# Activation Functions

Activation functions are the mathematical gates that determine, at each node in a Neural Network, whether and to what extent to transmit the signal the node has received from the previous layer.

A combination of weights (coefficients) and biases work on the input data from the previous layer to determine whether that signal surpasses a given threshold and is deemed significant. Those weights and biases are slowly updated as the neural net minimizes its error; i.e. the level of nodes’ activation change in the course of learning. They introduce non-linearity into the network, allowing it to learn and approximate complex relationships between inputs and outputs. Activation functions/gates are an essential component of Deep Learning models and are applied at each layer of the Neural Network. The choice of activation function/gate depends on the problem requirements and the characteristics of the data being processed. Different activation functions/gates offer distinct properties and advantages, and researchers continue to explore new variations to improve the performance and efficiency of deep learning models.

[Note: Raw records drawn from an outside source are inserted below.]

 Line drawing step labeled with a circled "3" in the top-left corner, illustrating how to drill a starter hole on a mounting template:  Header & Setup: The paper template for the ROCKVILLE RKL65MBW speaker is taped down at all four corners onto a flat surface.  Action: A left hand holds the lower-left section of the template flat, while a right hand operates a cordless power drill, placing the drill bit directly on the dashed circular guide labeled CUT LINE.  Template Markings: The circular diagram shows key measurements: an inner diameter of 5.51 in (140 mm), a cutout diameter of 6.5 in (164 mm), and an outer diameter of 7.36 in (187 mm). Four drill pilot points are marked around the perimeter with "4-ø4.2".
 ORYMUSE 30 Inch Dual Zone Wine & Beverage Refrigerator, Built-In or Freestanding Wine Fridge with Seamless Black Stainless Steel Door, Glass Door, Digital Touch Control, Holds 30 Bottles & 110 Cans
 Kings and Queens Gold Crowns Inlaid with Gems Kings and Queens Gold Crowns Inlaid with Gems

When we learn something new, like reading a story, our brain sends signals to tell us how much we should focus on that information. Without activation functions/gates, the AI will get overwhelmed with all the data it gets and not know what to do. Activation functions/gates helps the AI make better decisions, learn from its experiences, and improve its skills.

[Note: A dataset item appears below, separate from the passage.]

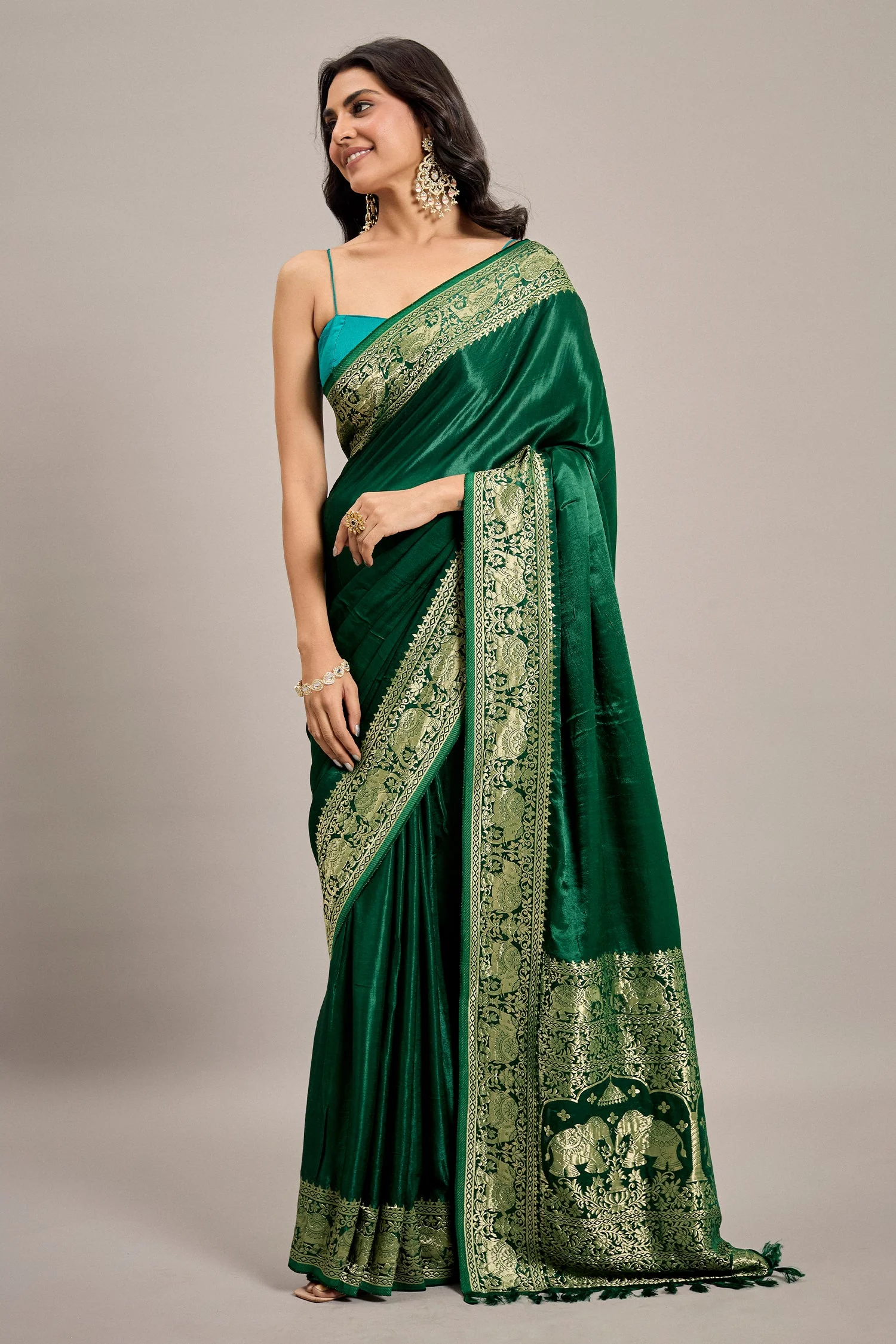 Dark Green Satin Silk Saree with Elephant Motifs Border - Image 3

# Types of Activation Functions/Gates

There are several types of activation functions/gates commonly used in AI:

• Step Function: The step function is a simple activation function that maps input values below a threshold to 0 and values above the threshold to 1. It is not commonly used in deep learning due to its discontinuous nature, which makes it challenging to optimize during training.
• Linear Function: The linear activation function computes the weighted sum of the inputs without applying any non-linearity. It is primarily used in linear regression models or as the output layer activation function in certain cases.
• Sigmoid Function: The sigmoid function, also known as the logistic function, maps the input to a smooth S-shaped curve between 0 and 1. It is widely used as an activation function in the hidden layers of neural networks for binary classification problems. The sigmoid function squashes the output of a neuron to a range suitable for probability interpretation.
• Tanh Function: The hyperbolic tangent (tanh) function is similar to the sigmoid function but maps the input to a range between -1 and 1. It exhibits stronger non-linearity compared to the sigmoid function and is often used in recurrent neural networks (RNNs) and hidden layers of feedforward neural networks.
• Rectified Linear Unit (ReLU): The rectified linear unit (ReLU) is one of the most widely used activation functions. It returns the input as the output if it is positive, and 0 otherwise. ReLU introduces non-linearity and overcomes the vanishing gradient problem, making it efficient and effective for training deep neural networks.
• Leaky ReLU: The leaky ReLU is a variation of the ReLU function that allows a small, non-zero gradient when the input is negative. This modification addresses the "dying ReLU" problem where a neuron can become inactive and stop learning.
• Exponential Linear Unit (ELU): The exponential linear unit (ELU) function is similar to the leaky ReLU but has a negative output when the input is less than zero. ELU helps improve the robustness of the model to noise and can lead to better generalization. 'https://miro.medium.com/max/1280/1*xYCVODGB7RwJ9RynebB2qw.gif' 'https://miro.medium.com/max/1200/1*HBvDu4Rl56AEz_jvF3BYBQ.gif'

## Why Non-linear Activation Functions are Preferred Over Linear Functions

Non-linear Activation Functions is essential because they enable AI models to handle complex problems, learn hierarchical representations, and approximate a wide range of functions. They provide the flexibility and power needed to build sophisticated AI systems that can tackle real-world challenges effectively. Reference: Gradient Descent Optimization & Challenges#Vanishing & Exploding Gradients

• Enabling Complexity: Non-linear Activation Functions introduce non-linearities into the AI model, which allows it to capture and represent complex relationships between input data and output predictions. Many real-world problems are inherently non-linear, and using linear Activation Functions would limit the AI model's ability to handle these complexities effectively.
• Universal Approximation Theorem: One of the fascinating properties of non-linear Activation Functions is that they can approximate any continuous function, given the right parameters. This property is called the Universal Approximation Theorem. It means that by using non-linear Activation Functions, we can build AI models that are capable of approximating almost any function, making them more versatile and adaptable.
• Learning Hierarchies: Deep learning, a subfield of AI, has become very successful due to the use of deep neural networks with multiple layers. Non-linear Activation Functions play a crucial role in this success. With each layer using non-linearities, the AI model can learn hierarchical representations of the data, capturing abstract features at higher layers and building a rich understanding of the input.
• Avoiding Vanishing and Exploding Gradients: Linear Activation Functions suffer from vanishing and exploding gradient problems. When gradients become too small (vanish) or too large (explode), it becomes difficult for the AI model to learn effectively. Non-linear Activation Functions help mitigate these issues, making the training process more stable and efficient.
• Better Decision Boundaries: In classification tasks, AI models with non-linear Activation Functions can create more complex decision boundaries, allowing them to distinguish between classes more accurately. Linear Activation Functions would only allow for linear decision boundaries, limiting the model's ability to handle complex data distributions.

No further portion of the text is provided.